Quando le "veline" le mandava il Minculpop

12.05.09
Leggendo la parola "velina" oggi tutti pensano a qualche bella ragazza, eventualmente "disponibile" per fare carriera in TV. Invece per i nostri padri e nonni le veline erano i "comunicati di servizio" che il Ministero della stampa e propaganda (poi della cultura popolare) inviava ai giornali per ordinare quali notizie si dovessero pubblicare e quali no, come si dovessero fare i titoli e via prescrivendo. Si chiamavano così perché erano scritte su una carta leggerissima, necessaria per mettere tanti fogli in una macchina per scrivere.

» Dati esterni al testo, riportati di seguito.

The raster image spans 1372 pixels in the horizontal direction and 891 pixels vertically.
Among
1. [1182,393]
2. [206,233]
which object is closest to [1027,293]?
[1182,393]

Le veline del fascismo erano segrete. Oggi gli ordini alla stampa si danno per televisione. Tipo: "In tv, ogni giorno, su tutti i canali, in prima serata mi prendono per il c.... Questa abitudine sta diventando insopportabile. Deve finire" (5 novembre 2008). Oppure: "Politici e direttori di giornali come La Stampa e il Corriere dovrebbero tutti cambiare mestiere, andarsene a casa" (12 dicembre 2008). Torna alla mente quello che è passato alla storia come "editto bulgaro", quello sull'"uso criminale della televisione" che portò all'allontanamento di Biagi, Santoro e Luttazzi dagli schermi della Rai. "Lavoro qui in Rai dal 1961, ed la prima volta che un presidente del consiglio decide il palinsesto", fu il commento di Enzo Biagi.

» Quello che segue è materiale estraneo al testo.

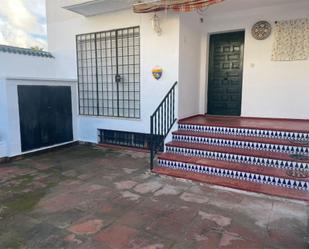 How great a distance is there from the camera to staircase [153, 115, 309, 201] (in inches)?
135

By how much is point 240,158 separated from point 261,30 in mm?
3075

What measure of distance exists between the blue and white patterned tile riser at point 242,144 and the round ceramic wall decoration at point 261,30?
2.63 metres

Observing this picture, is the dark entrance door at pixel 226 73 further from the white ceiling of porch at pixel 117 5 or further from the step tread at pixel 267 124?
the white ceiling of porch at pixel 117 5

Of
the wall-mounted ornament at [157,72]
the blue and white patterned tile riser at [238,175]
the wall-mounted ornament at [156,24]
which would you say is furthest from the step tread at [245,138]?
the wall-mounted ornament at [156,24]

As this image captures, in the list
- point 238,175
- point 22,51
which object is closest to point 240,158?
point 238,175

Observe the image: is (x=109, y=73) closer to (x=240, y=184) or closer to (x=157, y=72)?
(x=157, y=72)

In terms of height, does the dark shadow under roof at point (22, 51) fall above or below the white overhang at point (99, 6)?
below

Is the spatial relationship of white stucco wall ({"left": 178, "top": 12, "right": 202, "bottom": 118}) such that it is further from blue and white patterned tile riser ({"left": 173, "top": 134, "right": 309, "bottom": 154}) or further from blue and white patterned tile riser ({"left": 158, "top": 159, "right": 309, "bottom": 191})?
Result: blue and white patterned tile riser ({"left": 158, "top": 159, "right": 309, "bottom": 191})

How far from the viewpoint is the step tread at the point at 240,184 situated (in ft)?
10.5

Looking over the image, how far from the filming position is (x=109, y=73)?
6.00 m

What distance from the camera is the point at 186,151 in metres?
4.44

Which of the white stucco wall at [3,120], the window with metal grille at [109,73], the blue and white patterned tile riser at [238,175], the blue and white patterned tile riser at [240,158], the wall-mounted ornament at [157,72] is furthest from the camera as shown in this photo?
the window with metal grille at [109,73]

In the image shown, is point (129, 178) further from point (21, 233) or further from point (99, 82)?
point (99, 82)

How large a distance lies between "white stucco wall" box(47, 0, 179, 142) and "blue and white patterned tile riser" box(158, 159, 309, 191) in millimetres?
1574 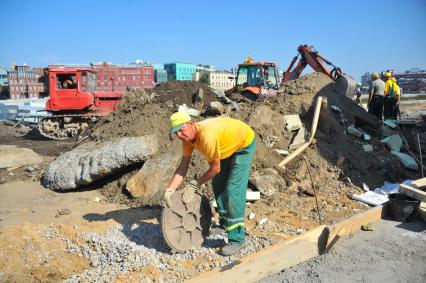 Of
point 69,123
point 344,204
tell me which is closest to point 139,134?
point 344,204

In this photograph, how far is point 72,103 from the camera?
38.5 feet

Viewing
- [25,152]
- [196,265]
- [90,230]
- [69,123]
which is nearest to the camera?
[196,265]

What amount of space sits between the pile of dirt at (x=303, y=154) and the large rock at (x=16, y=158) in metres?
1.60

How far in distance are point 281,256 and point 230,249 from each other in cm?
56

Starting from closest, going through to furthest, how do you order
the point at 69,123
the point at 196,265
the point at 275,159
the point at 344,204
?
the point at 196,265 < the point at 344,204 < the point at 275,159 < the point at 69,123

Come ai tempi del Minculpop, oggi i "comunicati di servizio" arrivano al dettaglio delle parole da usare. "Non mi piace la parola respingimenti" ha detto ieri sera il presidente del consiglio. Panico nei telegiornali: come definire le azioni di ritorno forzato dei barconi di migranti che navigano verso le acque italiane?
Il problema è che il termine non ha sinonimi utili. Respingere, secondo il Devoto-Oli, significa "allontanare prontamente, violentemente". E respingimento è "energico allontanamento". Una volta tanto una parola viene usata nel suo corretto significato. Diversamente da "immigrato" al posto di "migrante", per restare in tema.

Dunque si attendono disposizioni sulla parola da usare al posto di quella che non piace al presidente del consiglio. Intanto si può leggere un libriccino divertente e deprimente al tempo stesso:  Le veline di Mussolini di Giancarlo Ottaviani (Nuovi Equilibri, Viterbo, 2008). Nel quale si possono trovare diversi spunti di riflessione. Per esempio:  "Rivedere le corrispondenze dalla Sicilia, perché non si deve pubblicare che il Duce ha ballato" (18 agosto 1937). I tempi cambiano. O no?